= GIVEN INFORMATION =
::::

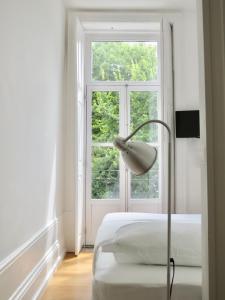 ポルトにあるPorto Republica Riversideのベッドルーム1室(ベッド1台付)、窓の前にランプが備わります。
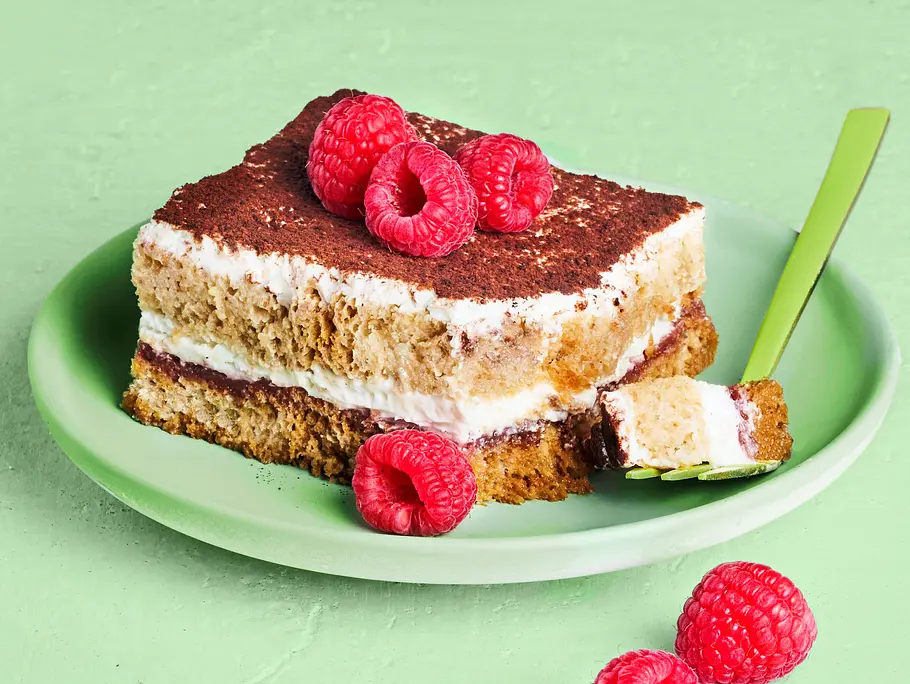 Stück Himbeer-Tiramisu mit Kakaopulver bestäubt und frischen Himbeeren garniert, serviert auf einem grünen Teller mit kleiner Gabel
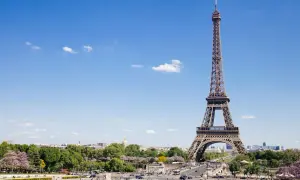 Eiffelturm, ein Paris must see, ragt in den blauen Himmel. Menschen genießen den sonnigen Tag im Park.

::::

= WORK ORDER =
Skipping any images, write out all the data exactly.

= TASK ANSWER =
 ポルトにあるPorto Republica Riversideのベッドルーム1室(ベッド1台付)、窓の前にランプが備わります。
 Stück Himbeer-Tiramisu mit Kakaopulver bestäubt und frischen Himbeeren garniert, serviert auf einem grünen Teller mit kleiner Gabel
 Eiffelturm, ein Paris must see, ragt in den blauen Himmel. Menschen genießen den sonnigen Tag im Park.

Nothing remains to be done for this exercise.